**What is needed:** Reproduce each record below in full, word for word, without images.
######
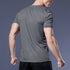 Men's Summer Quick Dry Gym T-Shirt - Oversized Fitness & Running Jersey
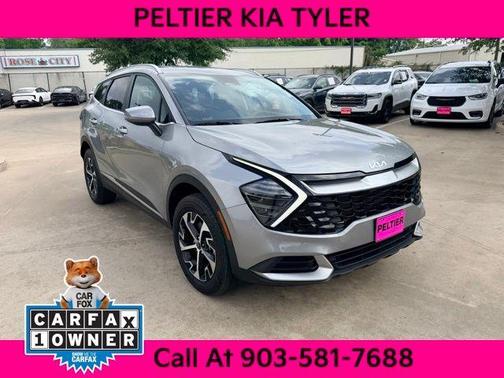 Steel Gray 2024 Kia Sportage EX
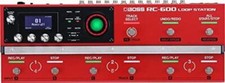 BOSS RC-600 Loop Station Looper Sequencer Pedale per chitarra elettrica effetto nuovo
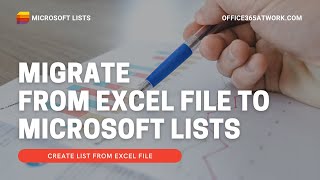 Create Microsoft List from Excel spreadsheet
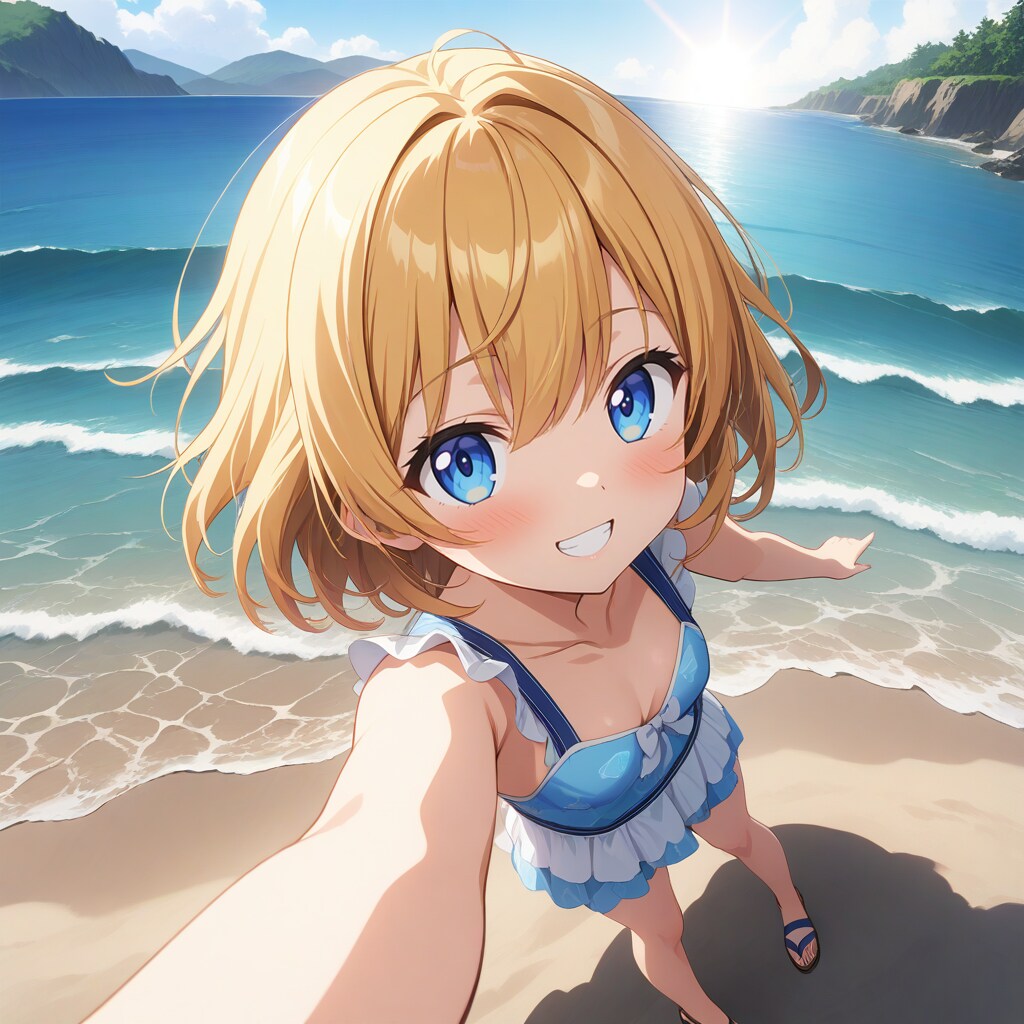 海！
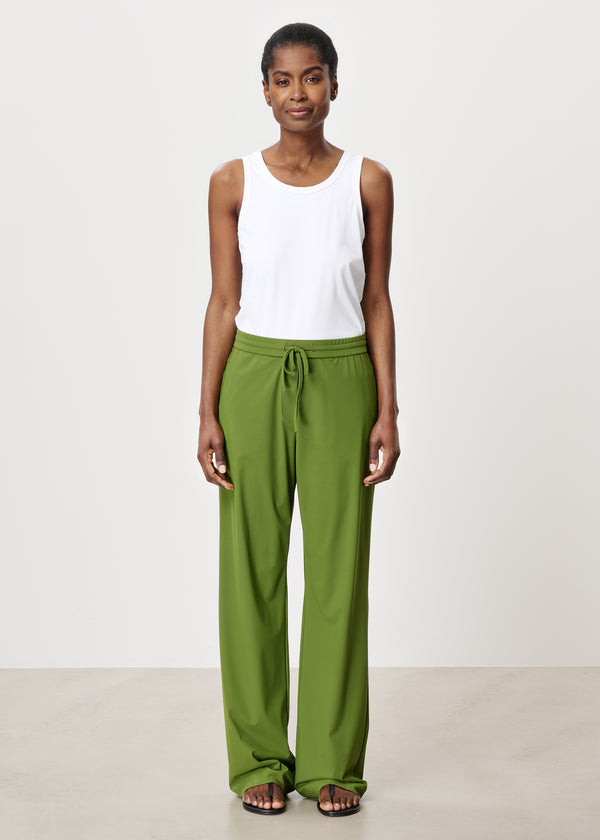 zenggi CASUAL DRAWSTRING PANTS MOSS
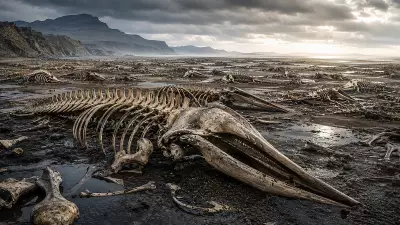 Largest Whale Graveyard Found with 5 Million-Year-Old Skeletons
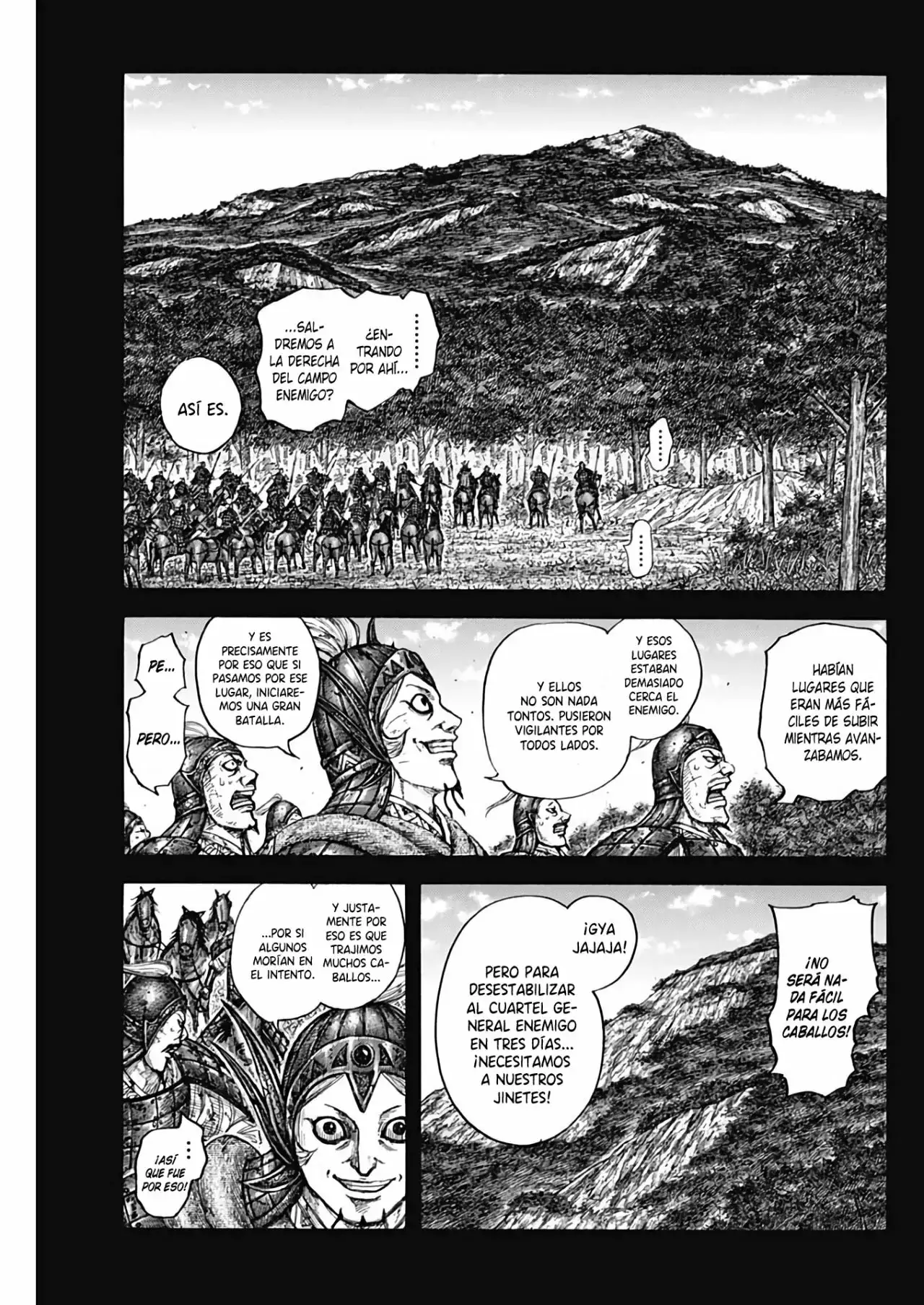 Kingdom - Capítulo 684 - Página 5 - LectorTMOo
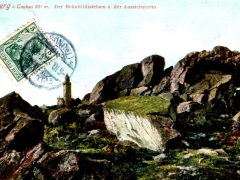 Feldberg i Taunus der Brünhildisfelsen u der Ausscihtsturm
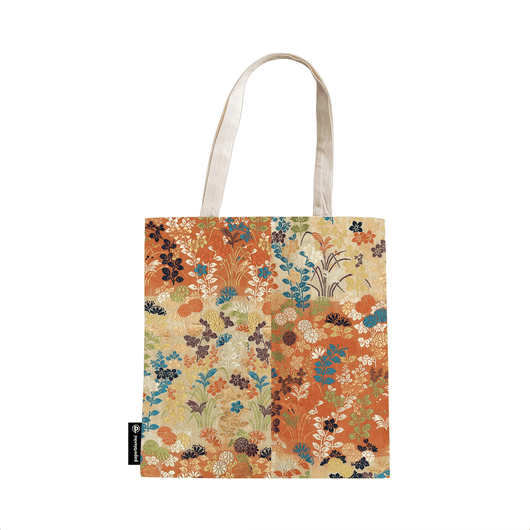 Japanese Kimono Kara-Ori Canvas Bag - Art Academy Direct malta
######
**Expected answer:**
 Men's Summer Quick Dry Gym T-Shirt - Oversized Fitness & Running Jersey
 Steel Gray 2024 Kia Sportage EX
 BOSS RC-600 Loop Station Looper Sequencer Pedale per chitarra elettrica effetto nuovo
 Create Microsoft List from Excel spreadsheet
 海！
 zenggi CASUAL DRAWSTRING PANTS MOSS
 Largest Whale Graveyard Found with 5 Million-Year-Old Skeletons
 Kingdom - Capítulo 684 - Página 5 - LectorTMOo
 Feldberg i Taunus der Brünhildisfelsen u der Ausscihtsturm
 Japanese Kimono Kara-Ori Canvas Bag - Art Academy Direct malta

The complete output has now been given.